İthal hayvanlar la birlikte dışarıdan saman ithal etmişiz.

 Domatesle soğanı biberle patlıcanı yarıştırmışız vatandaşları da tanzim satışların önünde hakem tayin etmişiz.

SPORDA 6-3 atmışız Sporun her dalını birbirlerine karıştırmışız, hangi dal olursa olsun holding sahipleri bile federasyon yönetimlerine sokmak için mücadele etmişiz. Yetmemiş siyaseti sporun tam göbeğine sokmuşuz. Trilyonlar harcanarak suni başarıların peşinde koşmuşuz eğitimli insanları hiç bir yere yanaştırmamışız. Sırtımız minderlerden kalkmamış. Varsa yoksa siyaset deyip, siyaseti sporun dışına itememişiz.

DIŞİŞLERİNDE 5-2 atmışız geçmişte kendi politikalarını hemen hemen tüm coğrafyada diğer ülkelere hissettiren bir ülkeyken, diğer ülkelerin telkinleri ile politika üreten bir ülke pozisyonuna düşmüşüz. Saman alevi gibi yanıp sönen bir dış siyasetin peşinden giderek 16 adayı Yunan’a kaptırarak bu adalara uzaktan bakar bir toplum olmuşuz.

Hiç mi 3-3 yani düsse, 5-5 yani dübeş, 6-6 yani düşeş 6-5 şeş beş atmadık arkadaşlar?
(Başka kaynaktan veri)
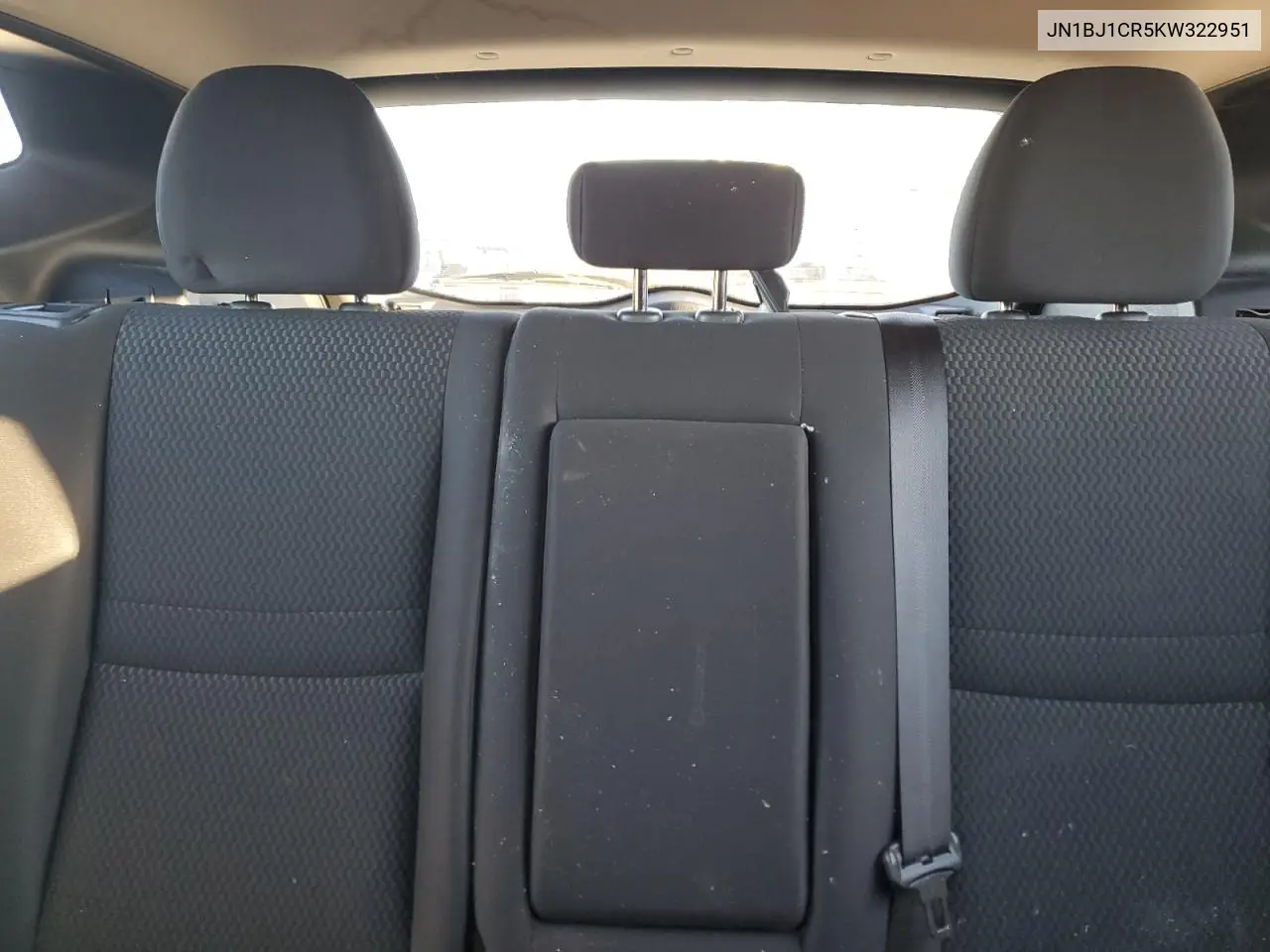 JN1BJ1CR5KW322951 2019 Nissan Rogue Sport S
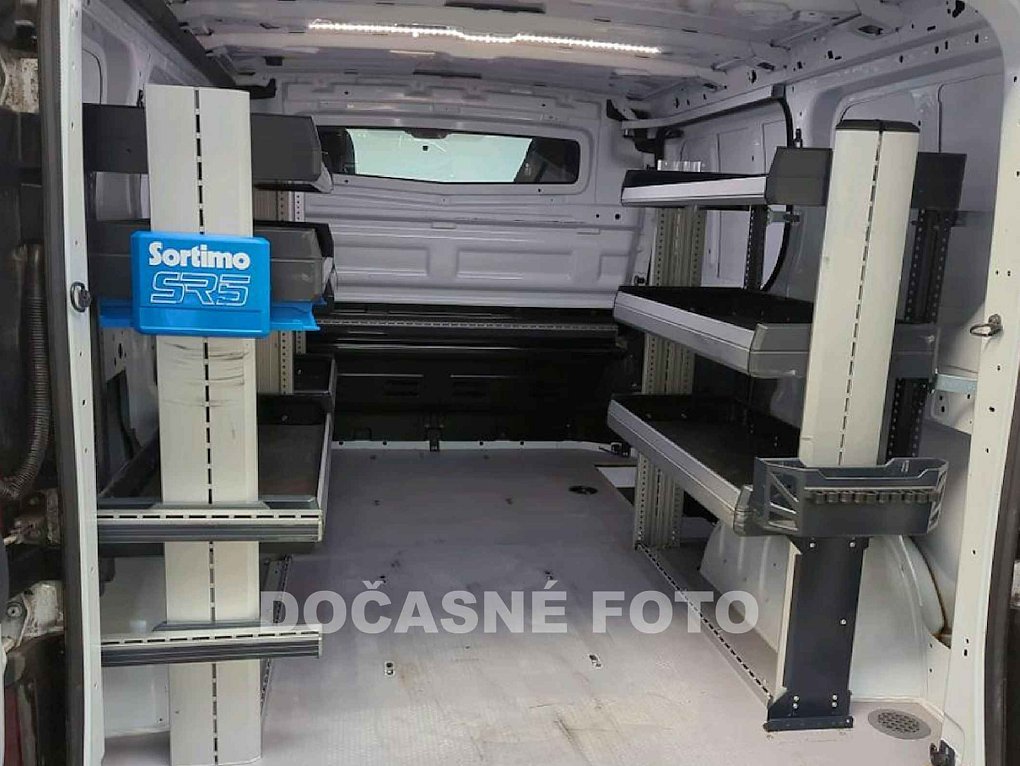 Renault Trafic 2.0dCi  SORTIMO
Atamadık, attırmadılar. O zarları Amerika – İngiliz –Alman – İtalyan – Hollanda İsrailliler attılar bizler de seyrettik.

Ekrem İmamoğlu’nu

Nerden çıktı kim çıkarttı diyordunuz ya,

Hiç kimse çıkarmadı şu üstteki yanlış politikalar çıkardı.

Fiziğin, matematiğin, kimyanın ülkemiz için ne olduğunu bilen her partiden olan sağduyulu vatandaşlarımız çıkarttı.

Onun için kitap öyle bir şeydir ki suya hasret çölde bile insanlara serinlik verebilen değerli bir hazinedir. İster ganyotçu olsun İster şoför bahçıvan fark etmiyor.

Kim olursa olsun ganyotçu gibi ne anladığımızdır önemli olan.